TASK GOAL –
Could you give back exactly the lines below from the one with "Whiteside DB12-70 12mm" through the one with "2025 Land Rover", without a single picture?

AVAILABLE DATA –
★ ★ ★

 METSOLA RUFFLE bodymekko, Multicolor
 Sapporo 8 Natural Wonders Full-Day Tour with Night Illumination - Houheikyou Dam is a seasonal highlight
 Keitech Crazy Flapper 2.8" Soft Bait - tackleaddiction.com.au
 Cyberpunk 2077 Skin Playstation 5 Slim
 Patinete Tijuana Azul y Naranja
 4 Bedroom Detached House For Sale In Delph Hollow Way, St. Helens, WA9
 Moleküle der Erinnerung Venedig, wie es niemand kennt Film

★ ★ ★

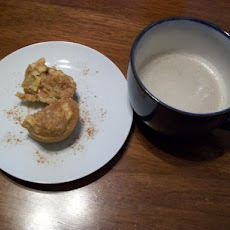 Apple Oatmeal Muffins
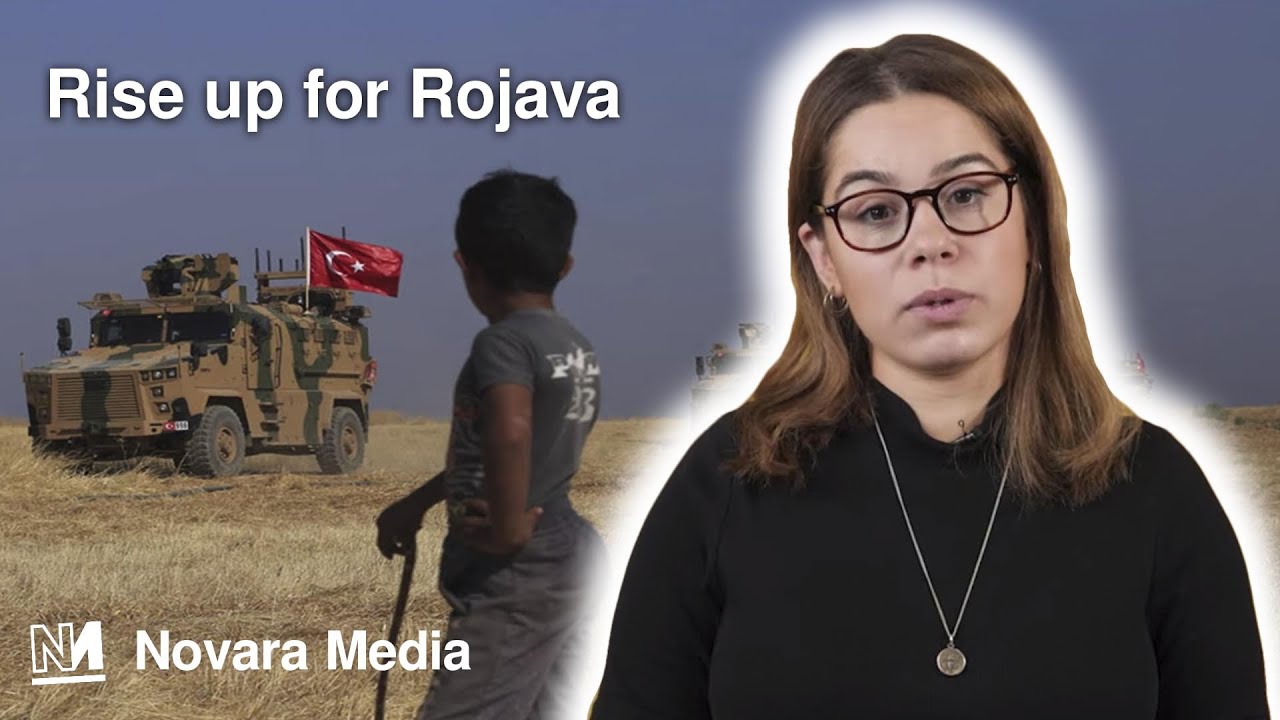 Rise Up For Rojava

★ ★ ★

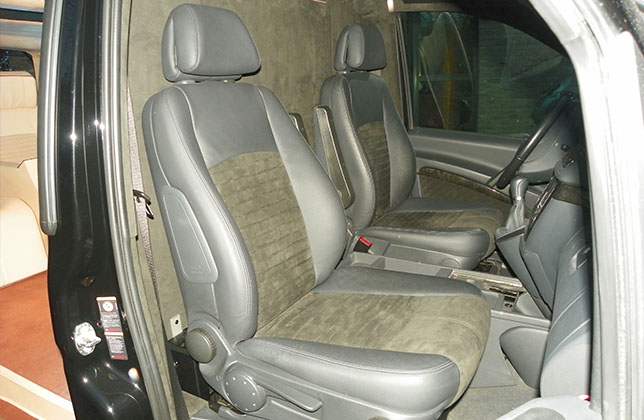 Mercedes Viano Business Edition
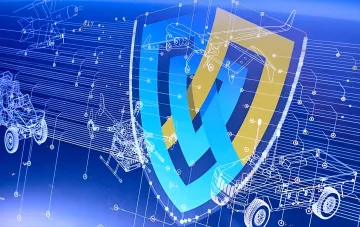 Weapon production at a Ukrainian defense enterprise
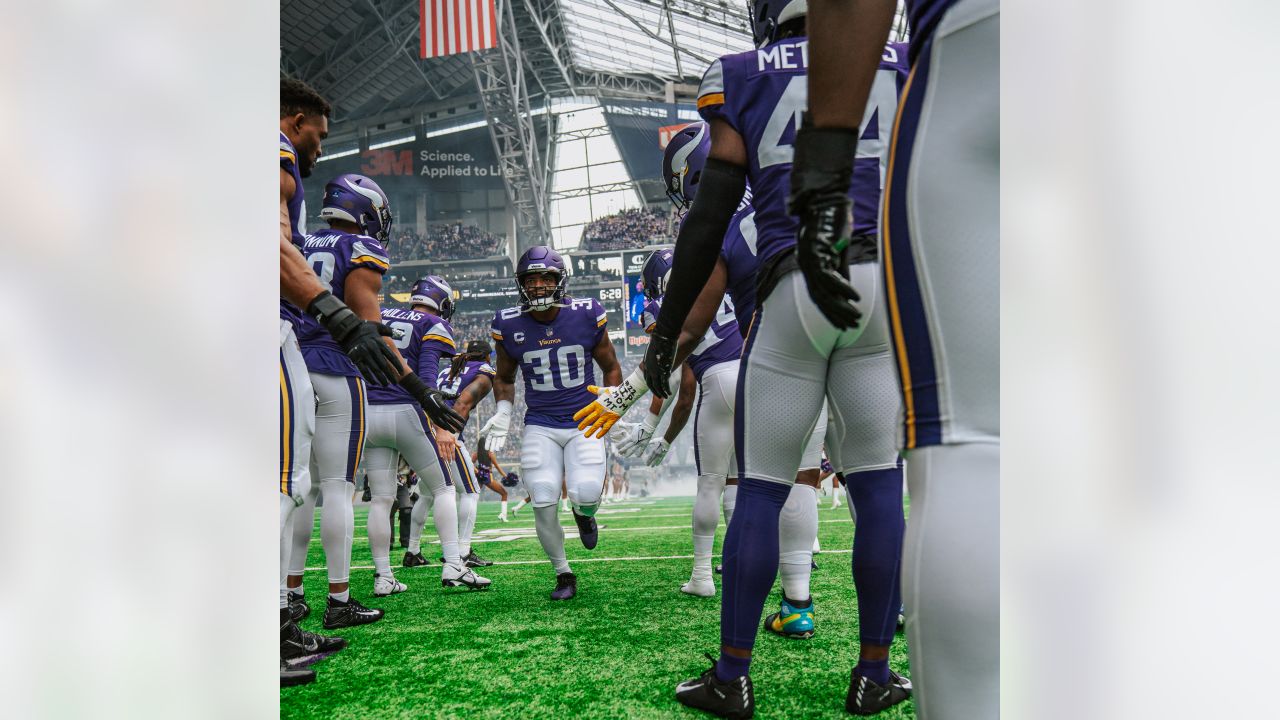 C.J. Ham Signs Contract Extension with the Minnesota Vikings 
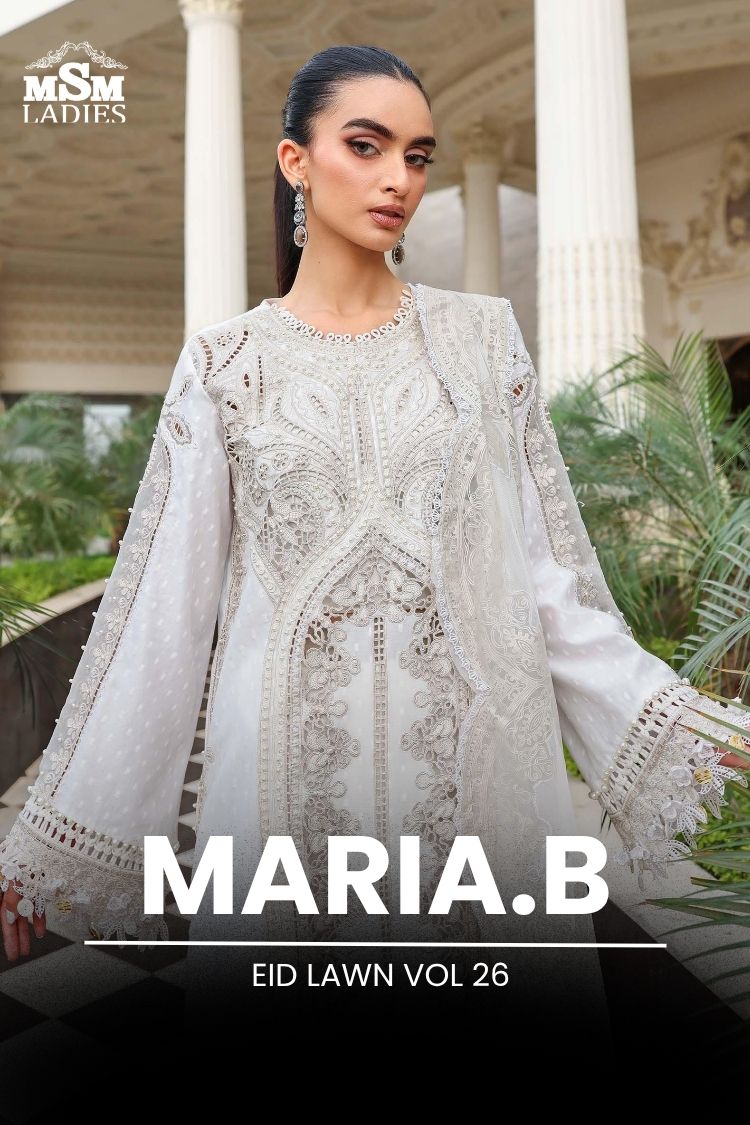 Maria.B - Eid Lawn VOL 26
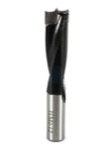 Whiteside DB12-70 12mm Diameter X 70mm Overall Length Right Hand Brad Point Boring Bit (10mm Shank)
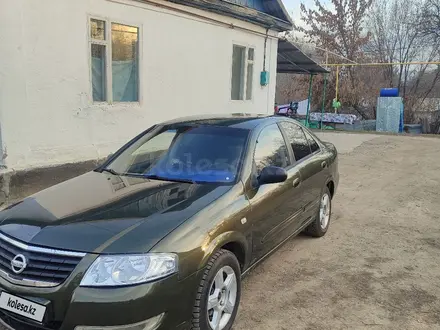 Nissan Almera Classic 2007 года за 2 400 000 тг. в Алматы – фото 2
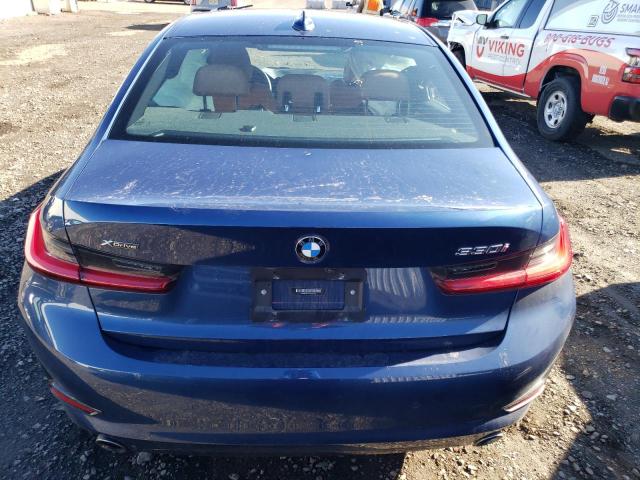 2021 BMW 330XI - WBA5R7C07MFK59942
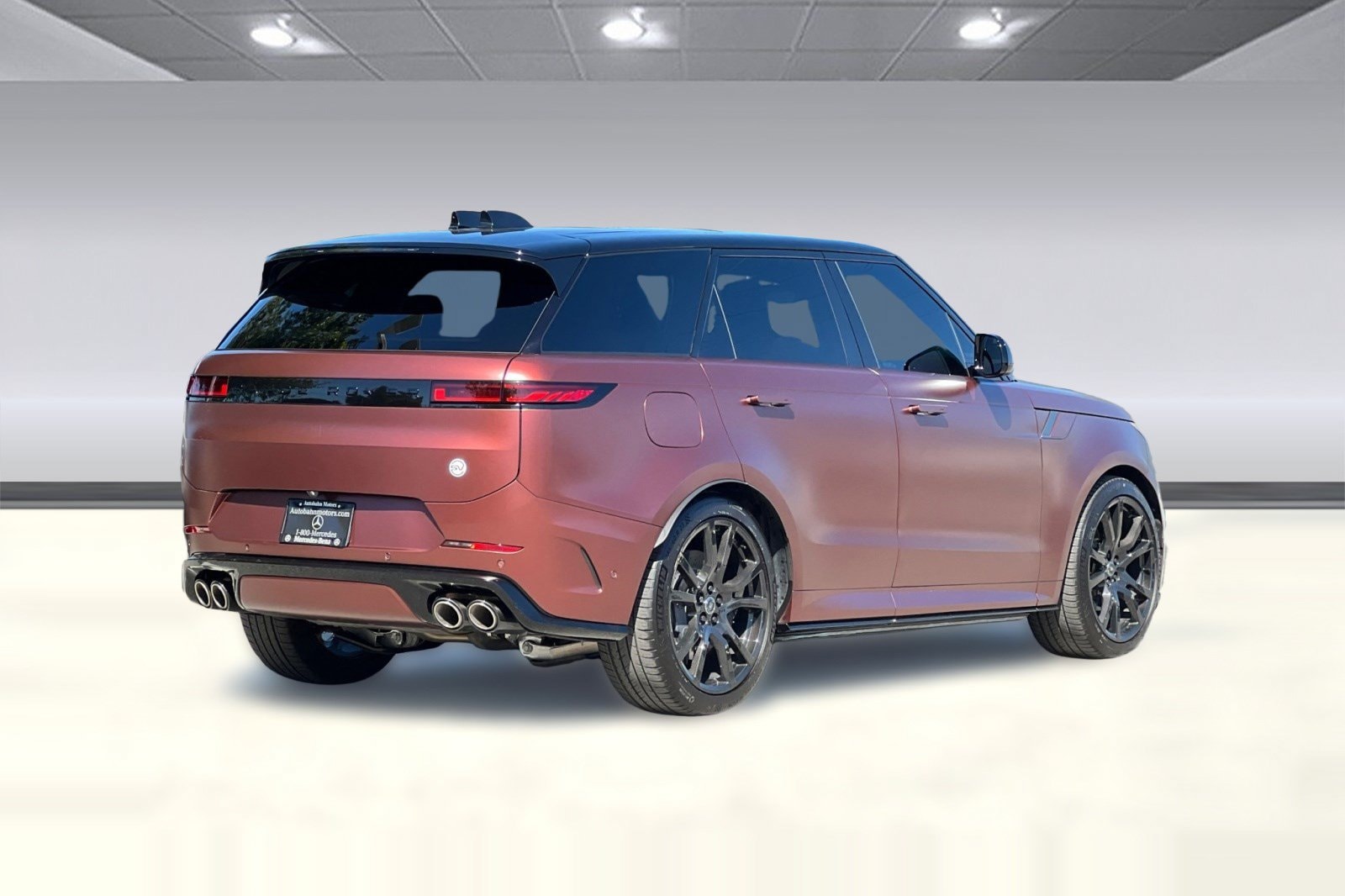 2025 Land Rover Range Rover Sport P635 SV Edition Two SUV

★ ★ ★

RESULT OF THE TASK –
 Whiteside DB12-70 12mm Diameter X 70mm Overall Length Right Hand Brad Point Boring Bit (10mm Shank)
 Nissan Almera Classic 2007 года за 2 400 000 тг. в Алматы – фото 2
 2021 BMW 330XI - WBA5R7C07MFK59942
 2025 Land Rover Range Rover Sport P635 SV Edition Two SUV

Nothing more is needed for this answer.